Problem to work on: Return all the data below as it stands, minus the pictures.

Given information:
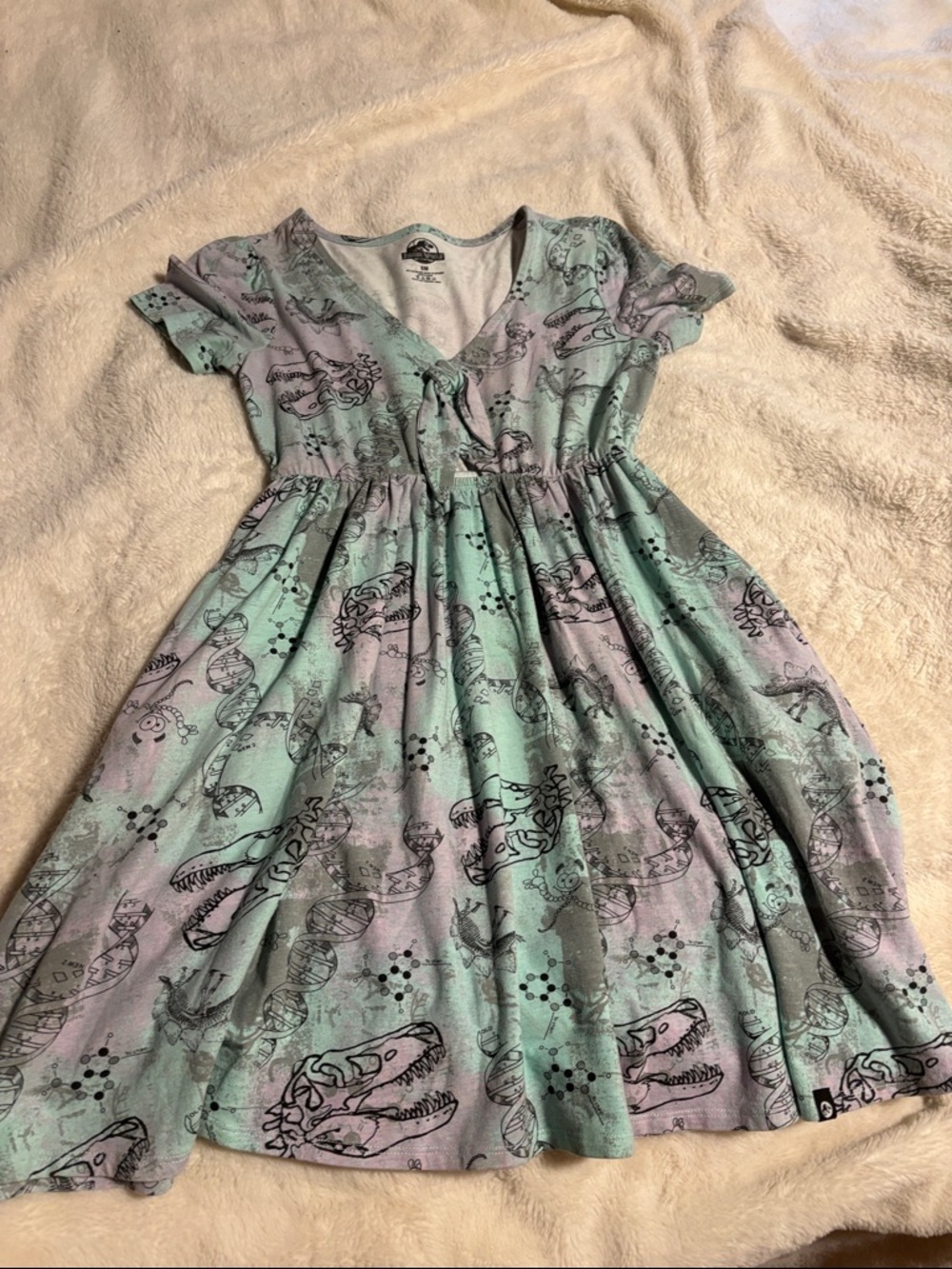 Girls Mint & Lavender Dinosaur Tie-Front Casual Dress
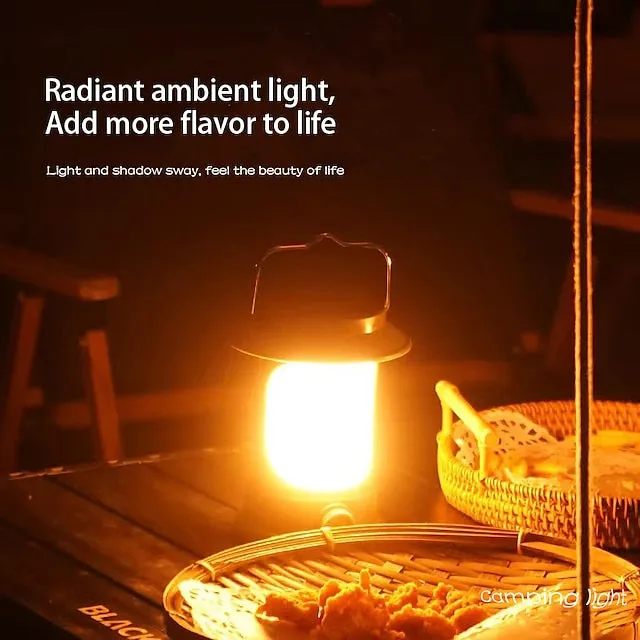 Solar LED Camping Lantern, LED Retro Rechargeable Hangable Outdoor Tent Light for Outdoor Camping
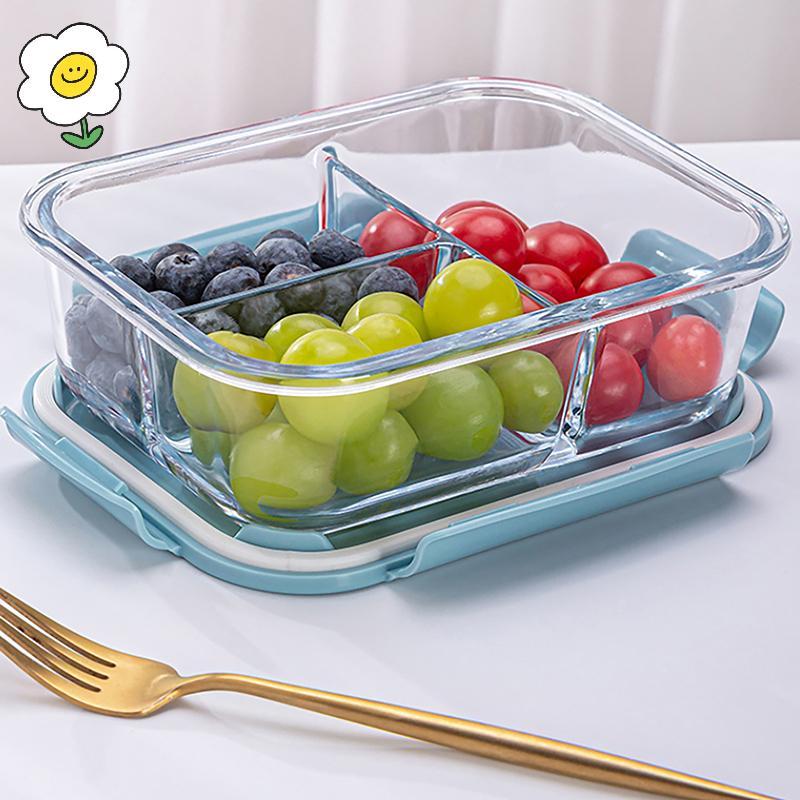 {}maoyting} 1/2/3 Grids Thien Leak Proof ไมโครเวฟ Safe Food Crisper High Borosilicate Glass Bento Bo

Reply to the exercise:
 Girls Mint & Lavender Dinosaur Tie-Front Casual Dress
 Solar LED Camping Lantern, LED Retro Rechargeable Hangable Outdoor Tent Light for Outdoor Camping
 {}maoyting} 1/2/3 Grids Thien Leak Proof ไมโครเวฟ Safe Food Crisper High Borosilicate Glass Bento Bo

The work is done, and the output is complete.